Macaw Tips

Perch arrangement:

Good solid perches should be positioned at both ends of the flight and directly in front of the nest box. The nest box perch gives the birds easy access to the nest. These perches should be hard wood making them difficult to destroy, so that frequent replacement is not necessary.
Other perches of soft wood can be included for the birds to chew as well as some lumber. However, be very careful with the placement of these perches. They must not block the center of the flight. The birds should be able to fly from one end to the other without stopping unless the flights are very large. The soft wood perches should also be placed in areas that are easy to access, so that they can be replaced before they fall. Macaws have been crippled and killed when their mates chewed through branches that fell on them.
The main perches should be branches with dips and raises in them. If the branches are straight they should be placed so that one end is elevated. The male will stand on a high spot while the pair copulates.
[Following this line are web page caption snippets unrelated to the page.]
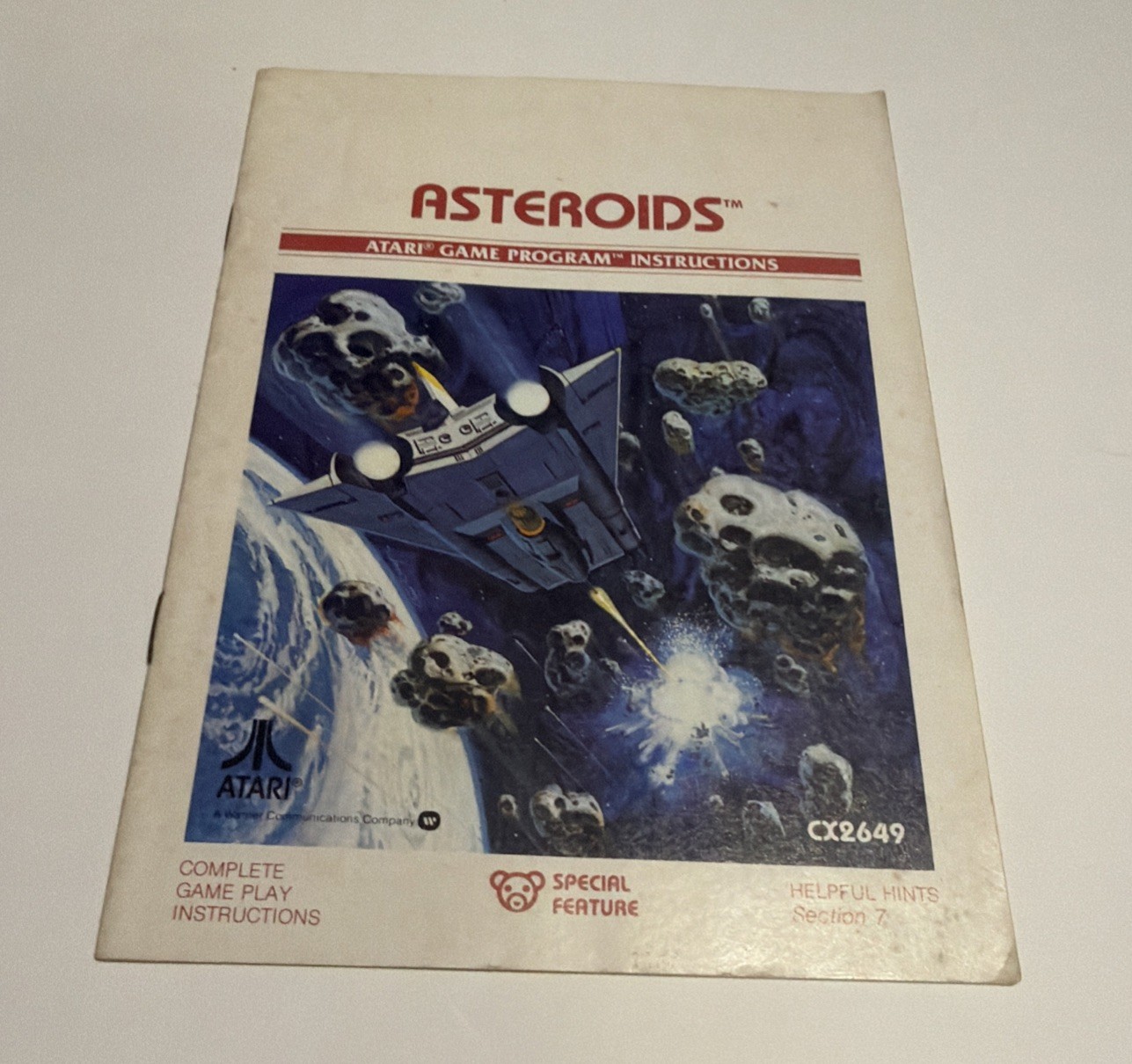 Asteroids (Atari 2600, 1981) w/ Manual Cleaned & Tested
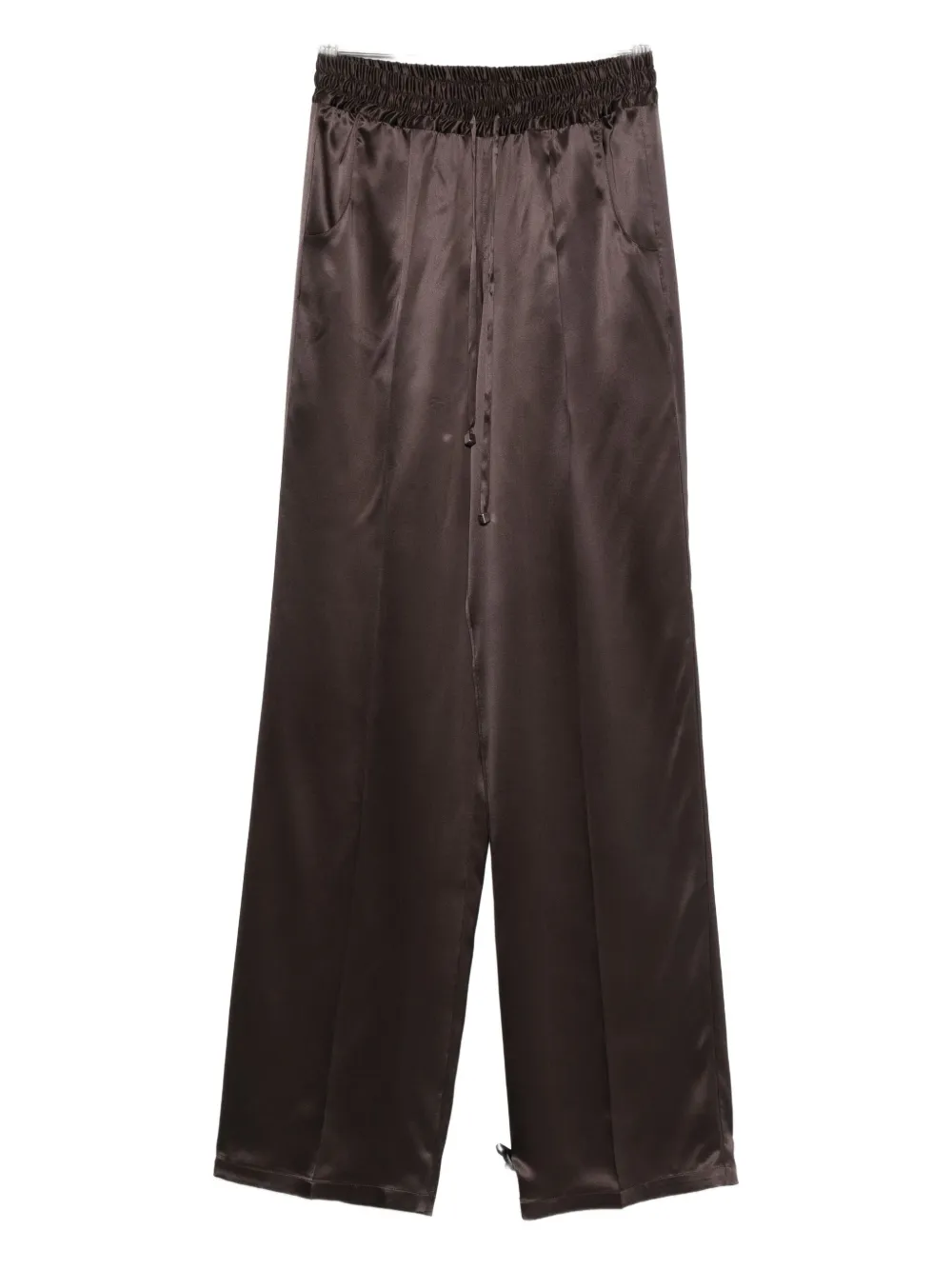 Kiton Drawstring Silk Straight Trousers In Multi
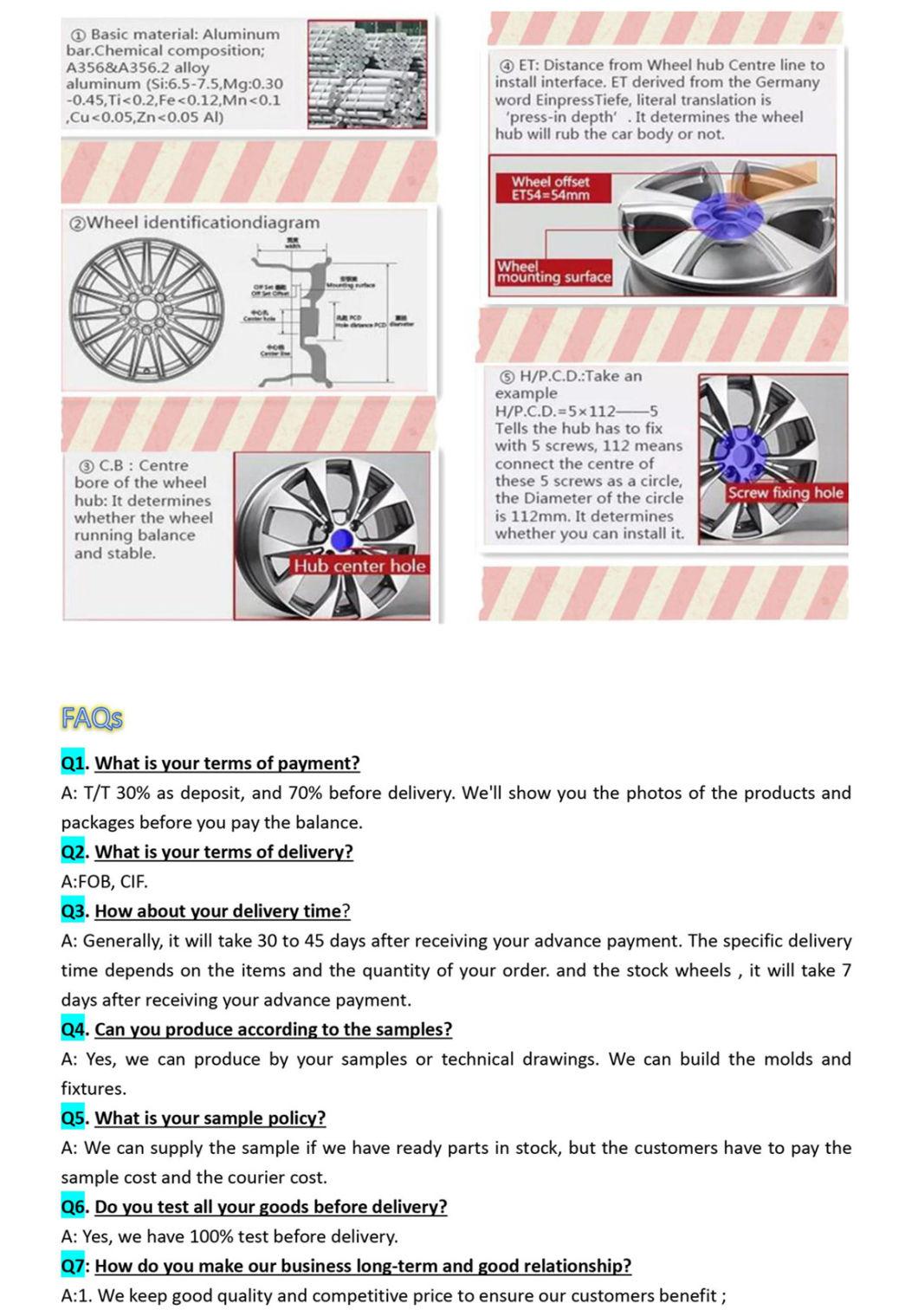 Replica Wheels All Size Available High Quality Passenger Car Rims for Hyundai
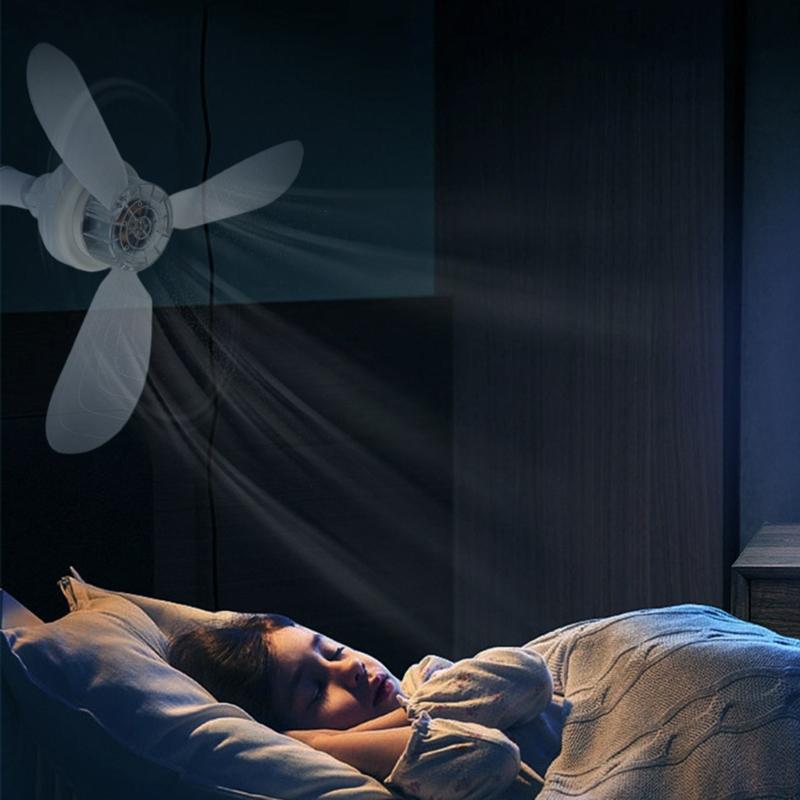 Compact Screw In Ceiling Fan E27 Mount with Adjustable Angle Quiet Operation for Bedroom Kitchen Office Daily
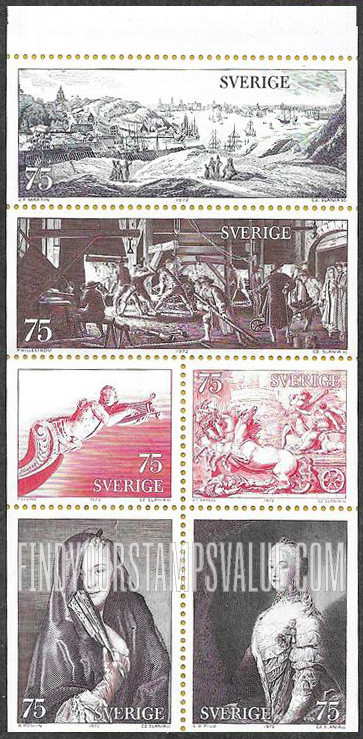 FindYourStampsValue: Stockholm from the South, by Johan Fredrik Martin, Anchor Forge, by Pehr Hillestrom, Amphion Figurehead, by Per Ljung, Quadriga, by Johan Tobias von Sergel, Lady with Veil, by Alexander Roslin, (Queen) Sofia Magdalena, by Carl Gustaf Pilo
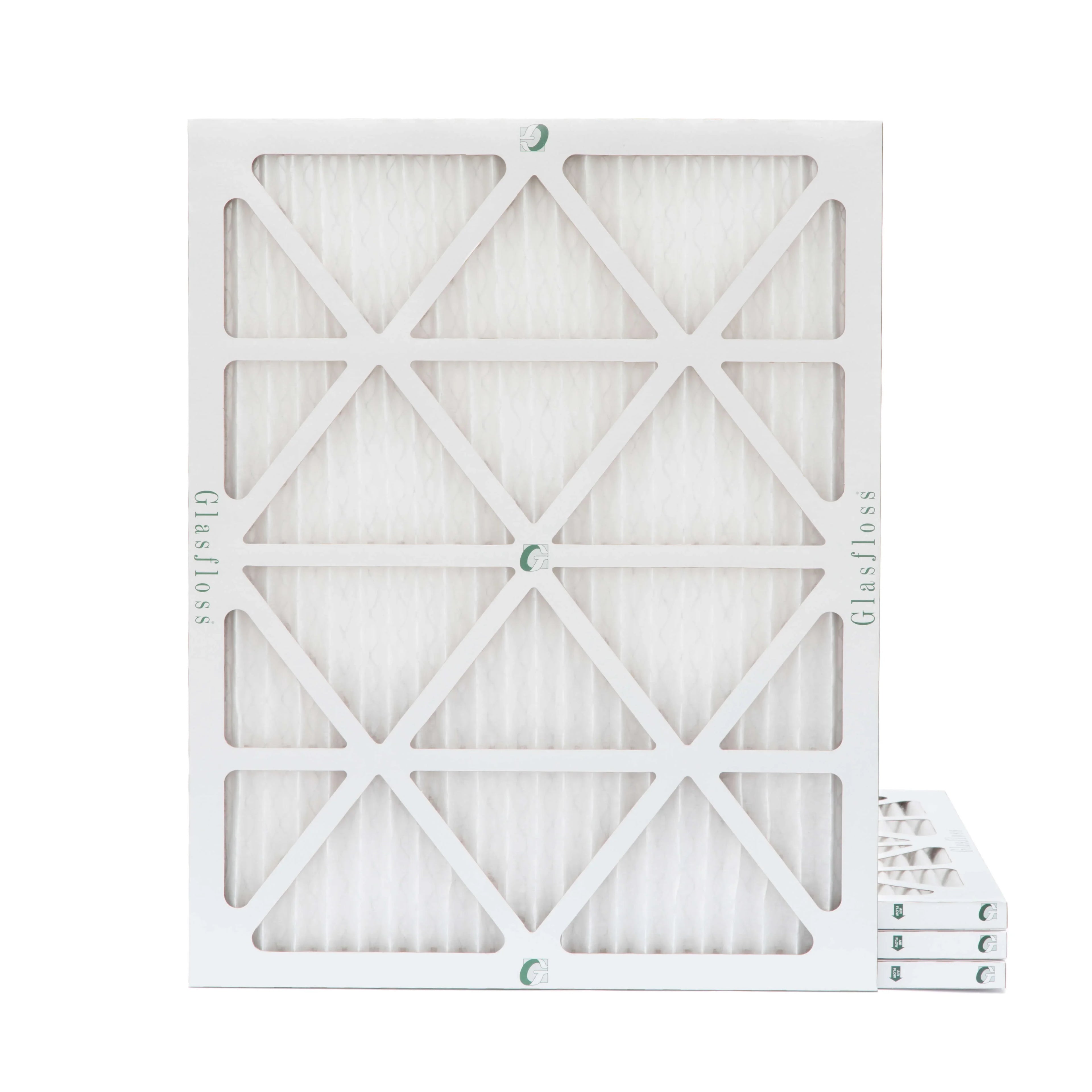 Glasfloss  20x25x1  10 Pleated  Furnace Air Filters. Box of 4. Exact Size: 19-1/2 x 24-1/2 x 7/8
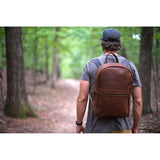 Classic Zippered Leather Backpack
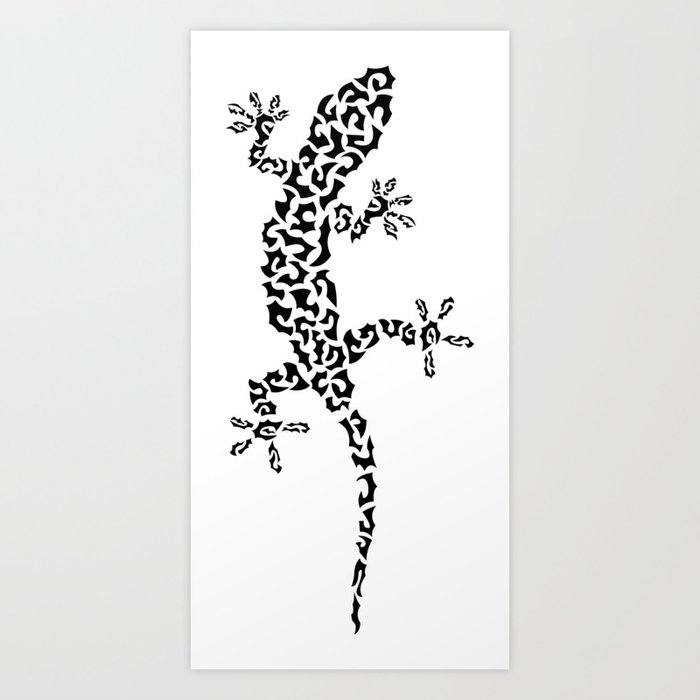Lizard in shapes Art Print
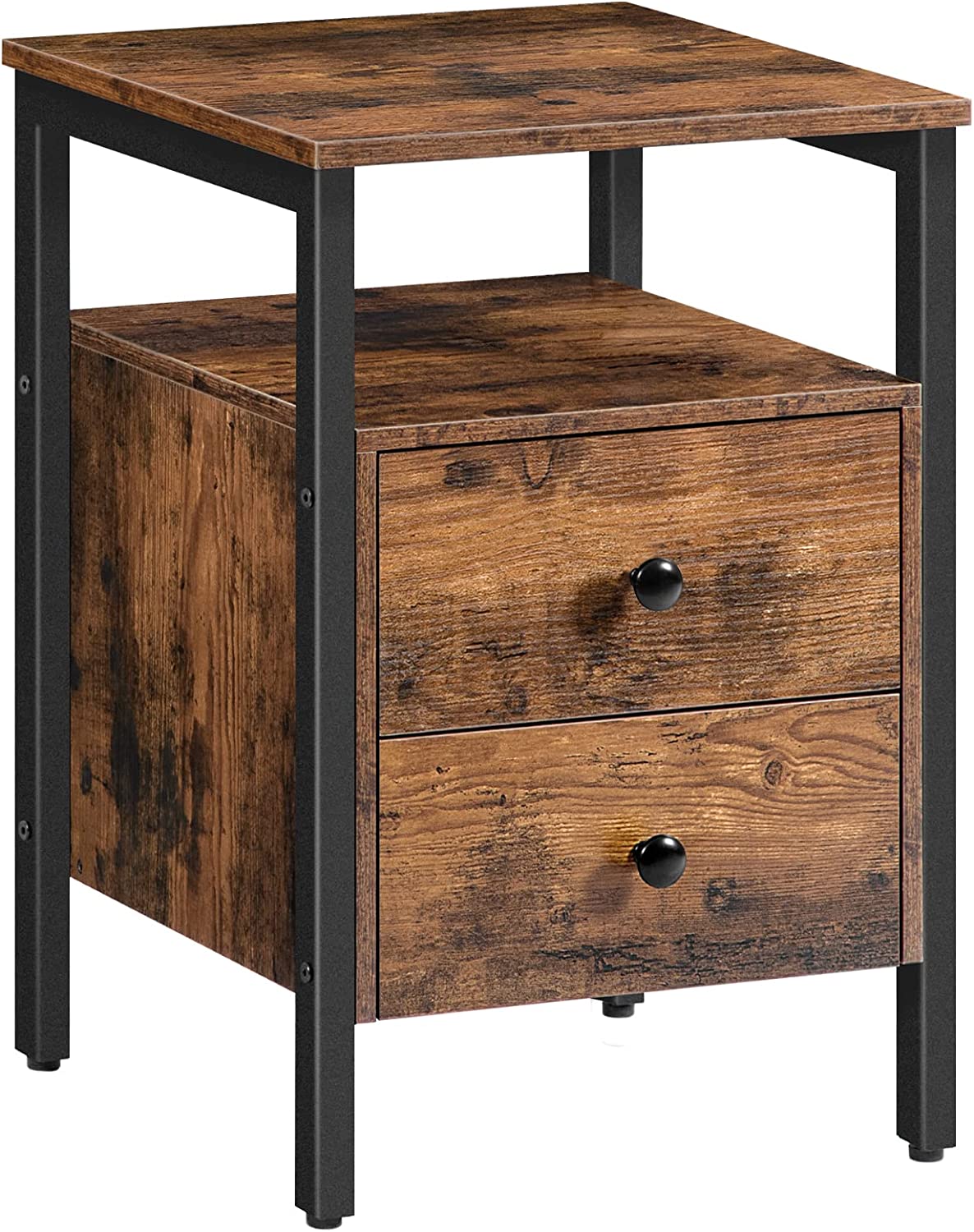 Nightstand, Bedside Table with 2 Drawers and Storage Shelves, Side End Table, Sofa Table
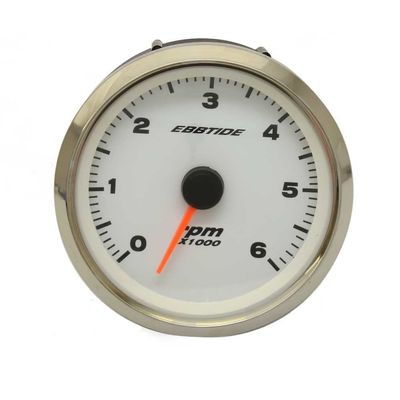 Ebbtide Boat Tachometer Gauge TC5030A | Faria 3 1/4 Inch Silver White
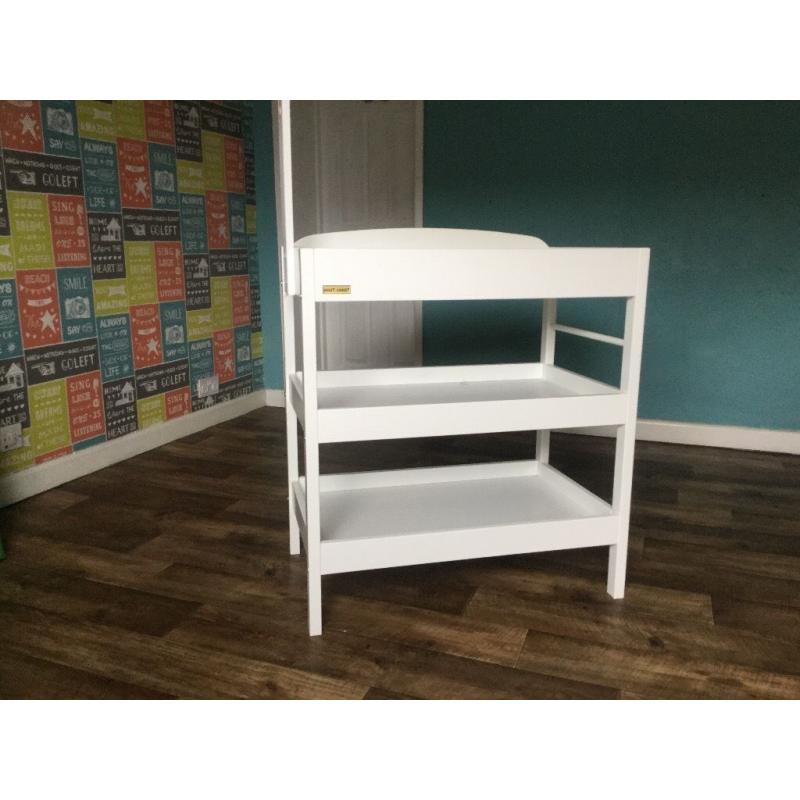 White wooden baby changer
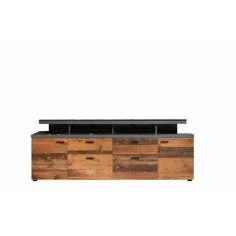 Meuble TV MOOD 2 portes et 2 tiroirs - Mélaminé bois vieilli et gris mat - L 180 x 47 x 66 cm Meuble TV MOOD 2 portes et 2 tiroirs - Mélaminé bois vieilli et gris mat - L 180 x 47 x 66 cm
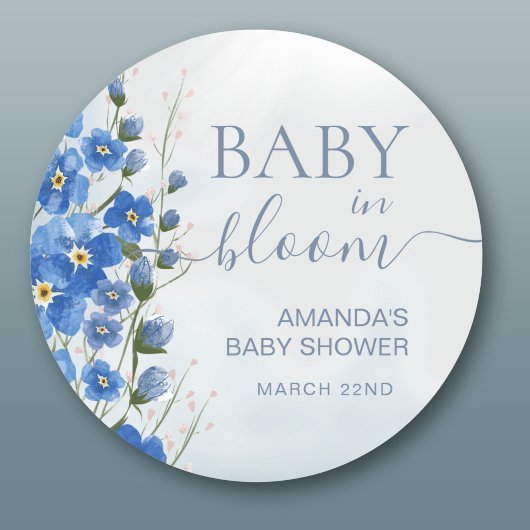 Sticker Rond Bébé en Fleur Garçon Bleu Floral Douche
The birds seem to prefer this position so it might affect the fertility of the eggs.

The diet of a Macaw is unlike the diet of most other parrots. This is where aviculturists often go wrong with them. It has been well publicized that they need more fat in their diet and this can be offered to the birds in many forms. Macadamia nuts are about the best food for this purpose. Here in the United States we seldom have difficulty obtaining macadamia nuts. However, many of my friends in Europe seem to have some trouble finding them. Macadamia nut oil is normally sold in gourmet food stores and is an acceptable substitute, if it is cold pressed. The oil can be poured over fresh food or soaked into bread and then offered to the birds. Brazil nuts are also a favorite. However, they are frequently filled with fungus and smell rank, so I feed them in small quantities and carefully inspect each nut after cutting it open with a macadamia nut cracker. Only then will I give them to any of my birds.
Walnuts have omega 3 fatty acids and are a very nutritious nut. Unfortunately, as with the Brazil nuts, I find many that are rancid. So, they are also given in limited numbers and inspected in the same way as the Brazil nuts. Walnuts also contain volatile oils that aggravate pancreatitis. I am aware of one Macaw that developed this and this was a bird that ate a minimum of 10 walnuts a day. For this reason some aviculturists will not feed their birds any walnuts. Filberts are high in calcium, which is a mineral that Macaws need in higher quantities than most other parrots. Almonds are even higher in calcium than filberts, but they contain oxalic acid, which binds calcium and thus decreases its absorption. Pistachios are high in vitamin A compared to other nuts. I give these to my birds as treats several times a day.
Coconuts are another beneficial high fat food. Coconuts are a seasonal food, although they may be available all year. When shopping for coconuts out of season I find that many of them are spoiled. An alternative is canned coconut milk, which can be poured over or mixed into fruits and vegetables to encourage finicky eaters to consume a healthier diet. Birds that have not had coconut milk before may be suspicious when they see this creamy white liquid covering their food, so I recommend offering small amounts until the birds taste it and then it normally becomes a favorite food. Coconut milk can be frozen after the can is opened, which is important since it will spoil quickly. Ground nuts can also be sprinkled on fresh foods to encourage good eating habits.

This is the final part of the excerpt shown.